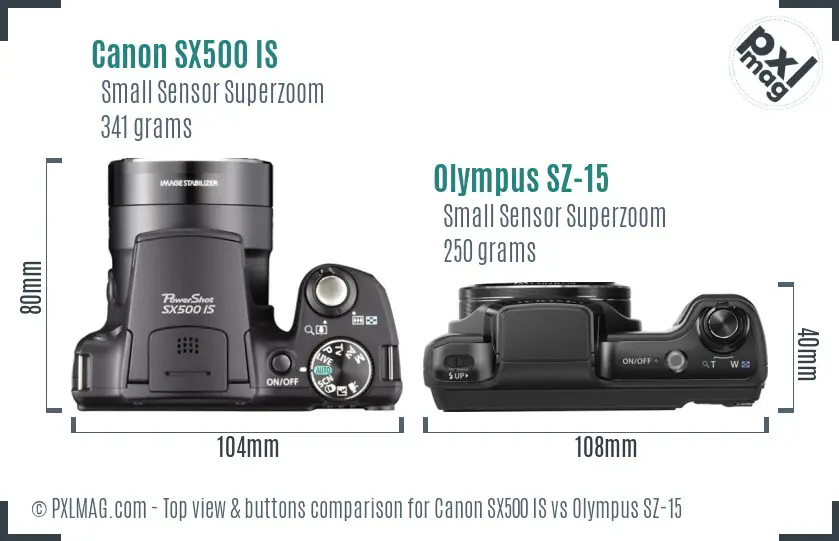 Canon SX500 IS vs Olympus SZ-15 top view buttons comparison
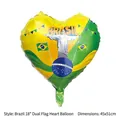 18 inch heart-shaped Brazil flag foil balloon for World Cup and independence day party - 18 Inch Brazil Heart Shape - Double Flag / Double Flag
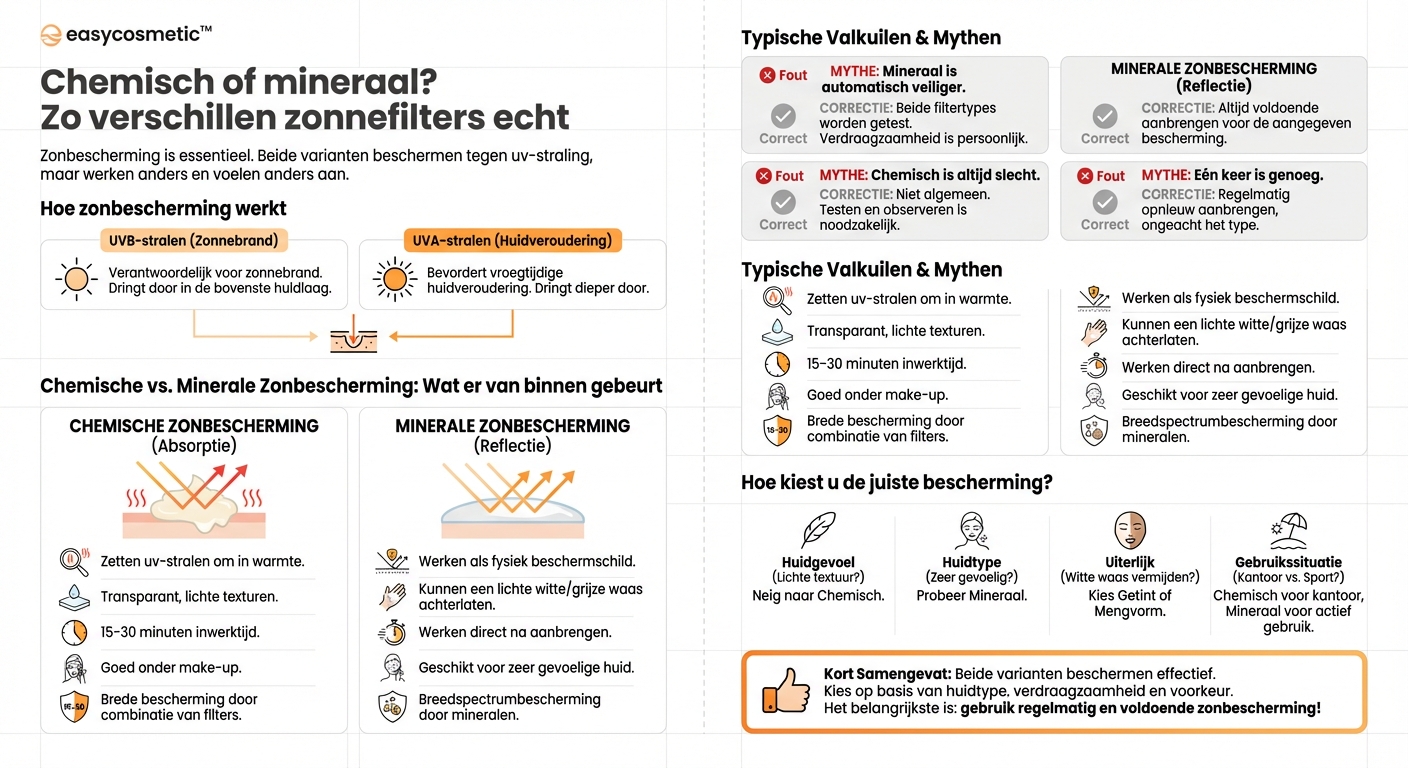 Wat is het verschil tussen chemische en minerale zonnebescherming?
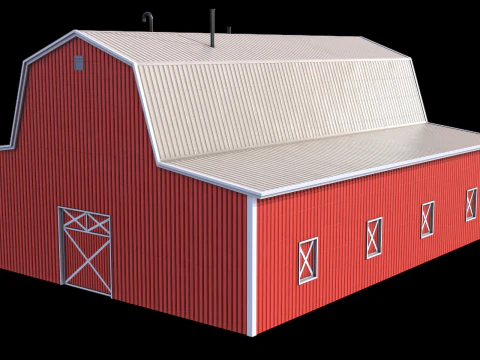 Red Farm Barn 19 PBR 3D Model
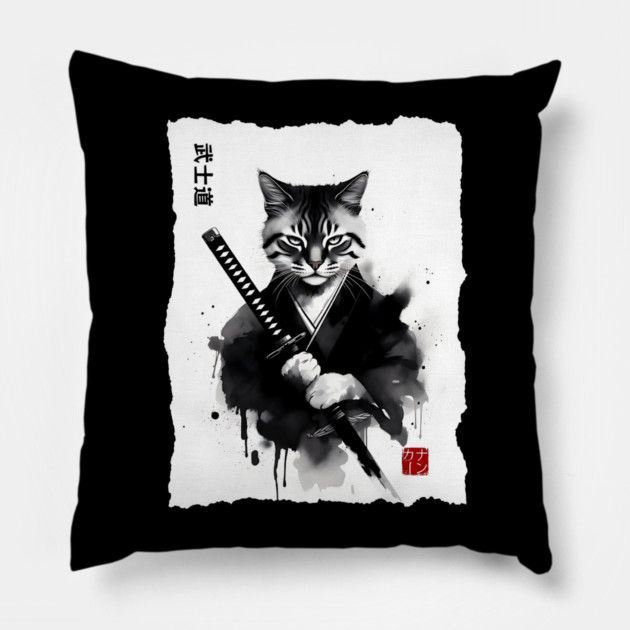 Samurai Cat, Fierce Japanese Art Sumi-e Epic Warrior Feline with Katana for Cat Lovers, Anime & Martial Arts Fans Pillow by Pixel Threads 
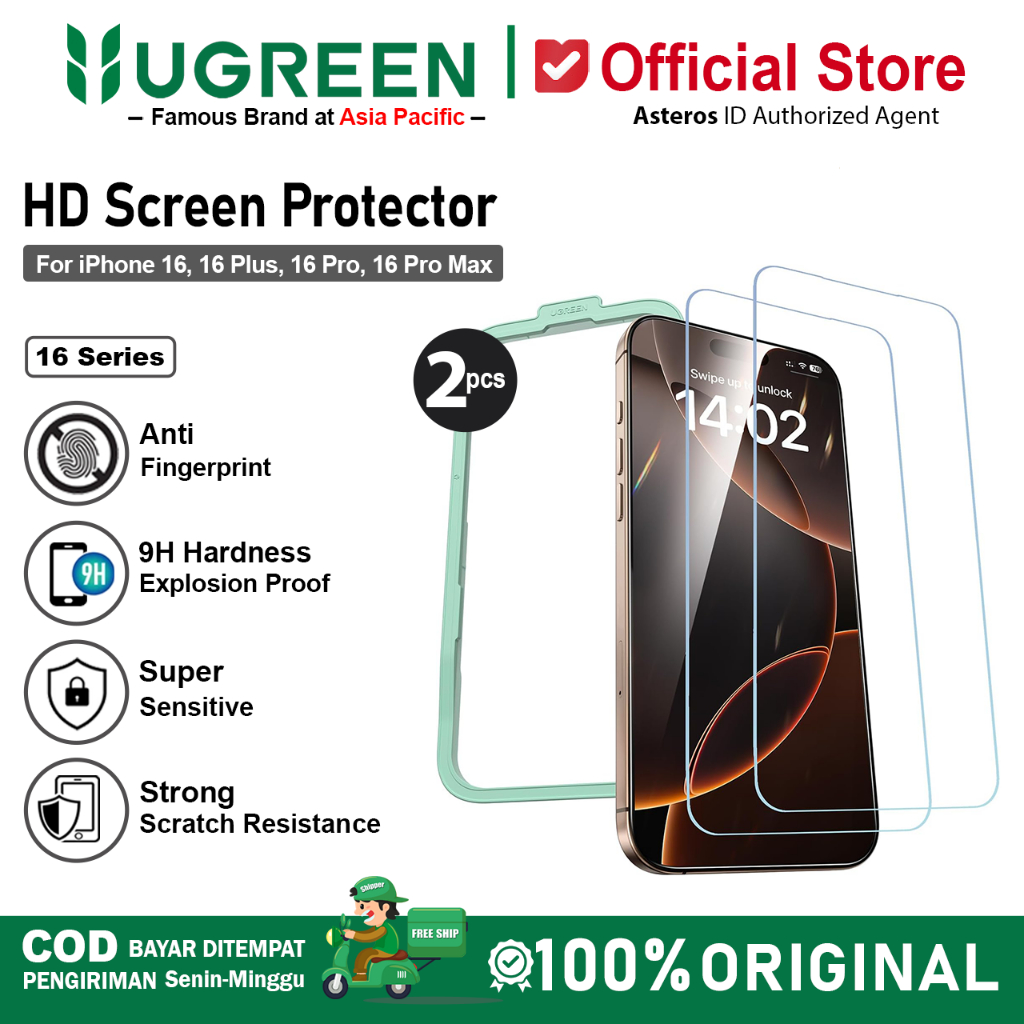 UGREEN Tempered Glass HD Screen Protector iPhone 16 16 Plus 16 Pro 16 Pro Max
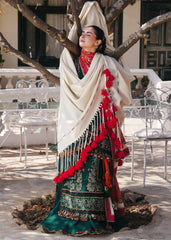 (MF1286) HUSSAIN REHAR| UNSTITCHED 3PC HEAVY EMB PREMIUM LAWN WITH KHAADI-NET PRINTED DUPATTA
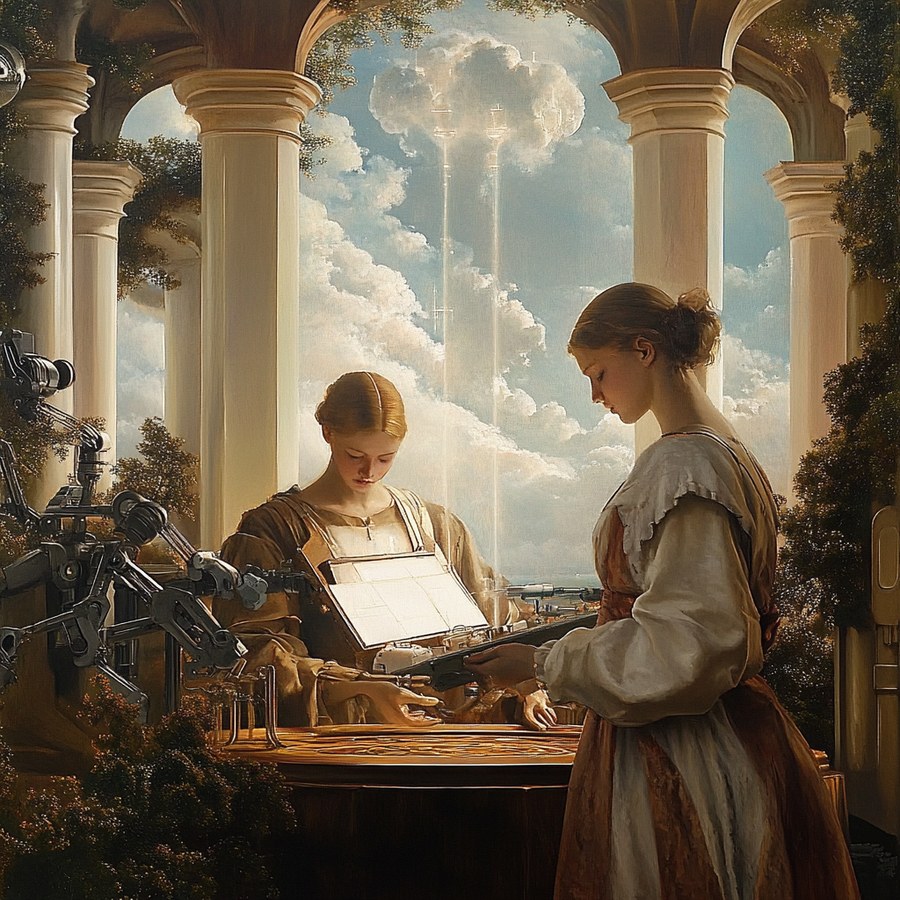 Two hands reaching toward each other — Michelangelo's Creation of Adam, reimagined for the age of machines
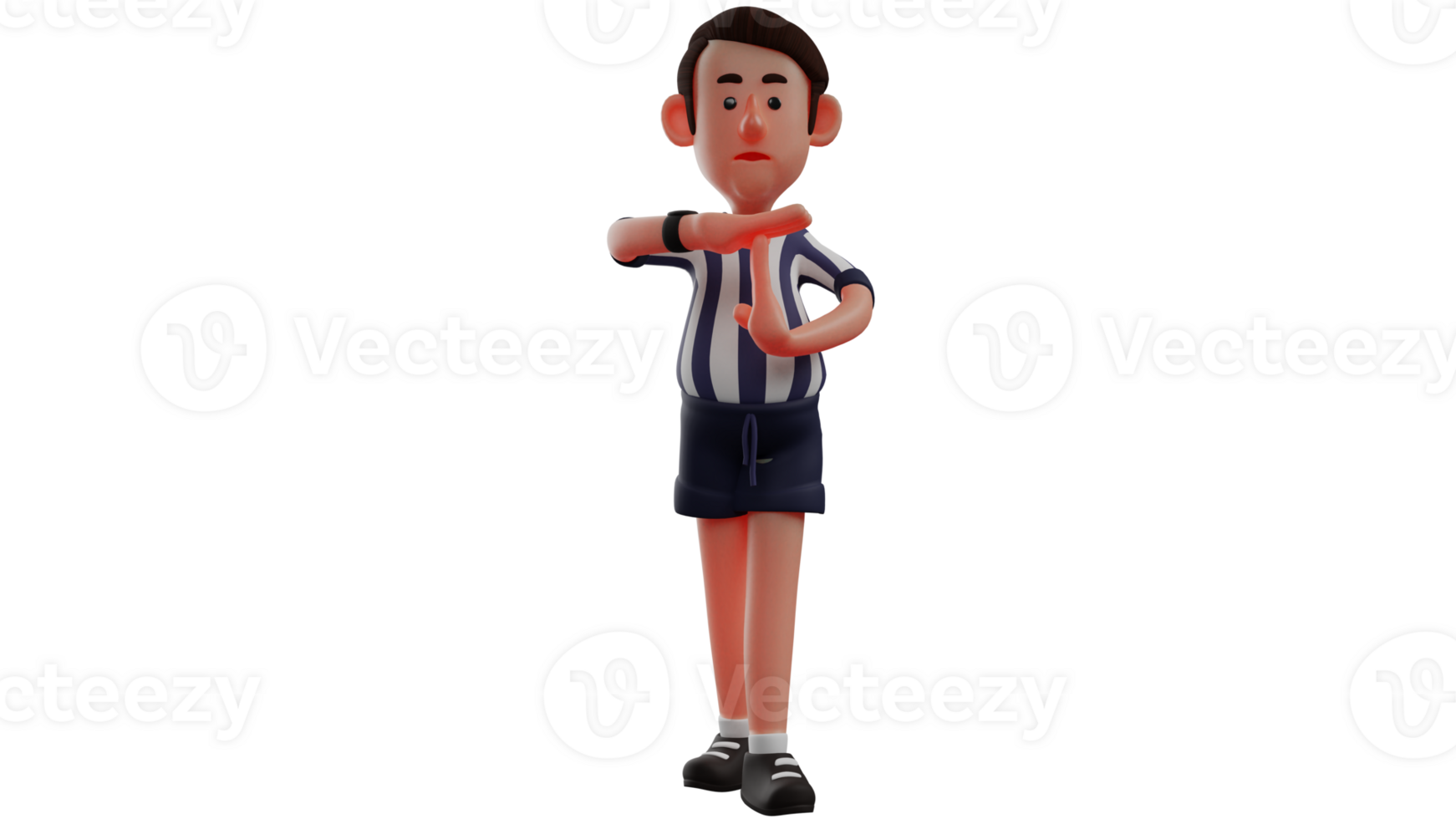 3D illustration. Cool Referee 3D Cartoon Character. The referee gives instructions with a sign using his hand. The handsome referee is doing his job. 3D Cartoon Character png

* _YOUR ASSIGNMENT_
For this task, give again exactly the lines from the line with "(MF1286) HUSSAIN REHAR|" through the end of the entries, including both ends, and omit the pictures.

* _OUTPUT BELOW_
 (MF1286) HUSSAIN REHAR| UNSTITCHED 3PC HEAVY EMB PREMIUM LAWN WITH KHAADI-NET PRINTED DUPATTA
 Two hands reaching toward each other — Michelangelo's Creation of Adam, reimagined for the age of machines
 3D illustration. Cool Referee 3D Cartoon Character. The referee gives instructions with a sign using his hand. The handsome referee is doing his job. 3D Cartoon Character png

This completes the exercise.